Copy out exactly the line that contains "Elliana - Linen Threads" and all lines following it to the end of the data.
═════ The data
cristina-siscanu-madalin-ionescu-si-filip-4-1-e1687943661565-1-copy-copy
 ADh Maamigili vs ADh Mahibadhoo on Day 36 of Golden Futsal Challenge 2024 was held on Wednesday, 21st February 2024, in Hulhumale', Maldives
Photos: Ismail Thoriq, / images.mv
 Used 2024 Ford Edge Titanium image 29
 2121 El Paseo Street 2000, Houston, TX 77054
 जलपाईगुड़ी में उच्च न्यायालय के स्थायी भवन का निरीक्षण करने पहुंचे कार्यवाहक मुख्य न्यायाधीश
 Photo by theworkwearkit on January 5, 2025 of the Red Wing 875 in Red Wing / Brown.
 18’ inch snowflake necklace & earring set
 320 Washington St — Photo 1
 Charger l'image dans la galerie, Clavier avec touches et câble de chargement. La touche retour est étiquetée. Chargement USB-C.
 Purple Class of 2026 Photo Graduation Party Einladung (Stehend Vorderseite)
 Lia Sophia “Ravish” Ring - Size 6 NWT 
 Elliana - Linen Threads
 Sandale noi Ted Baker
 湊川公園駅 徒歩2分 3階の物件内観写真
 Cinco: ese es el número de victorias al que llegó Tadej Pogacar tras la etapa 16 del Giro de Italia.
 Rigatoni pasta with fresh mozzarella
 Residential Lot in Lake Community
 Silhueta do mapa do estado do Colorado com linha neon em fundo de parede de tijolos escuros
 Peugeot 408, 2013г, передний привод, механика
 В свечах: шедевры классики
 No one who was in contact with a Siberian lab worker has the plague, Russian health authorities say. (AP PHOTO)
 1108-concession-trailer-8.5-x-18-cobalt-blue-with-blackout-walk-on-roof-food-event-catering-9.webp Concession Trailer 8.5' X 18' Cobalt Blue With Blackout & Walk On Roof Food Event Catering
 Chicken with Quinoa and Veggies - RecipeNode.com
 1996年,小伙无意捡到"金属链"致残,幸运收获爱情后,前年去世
══════════
**Solution below**.
 Elliana - Linen Threads
 Sandale noi Ted Baker
 湊川公園駅 徒歩2分 3階の物件内観写真
 Cinco: ese es el número de victorias al que llegó Tadej Pogacar tras la etapa 16 del Giro de Italia.
 Rigatoni pasta with fresh mozzarella
 Residential Lot in Lake Community
 Silhueta do mapa do estado do Colorado com linha neon em fundo de parede de tijolos escuros
 Peugeot 408, 2013г, передний привод, механика
 В свечах: шедевры классики
 No one who was in contact with a Siberian lab worker has the plague, Russian health authorities say. (AP PHOTO)
 1108-concession-trailer-8.5-x-18-cobalt-blue-with-blackout-walk-on-roof-food-event-catering-9.webp Concession Trailer 8.5' X 18' Cobalt Blue With Blackout & Walk On Roof Food Event Catering
 Chicken with Quinoa and Veggies - RecipeNode.com
 1996年,小伙无意捡到"金属链"致残,幸运收获爱情后,前年去世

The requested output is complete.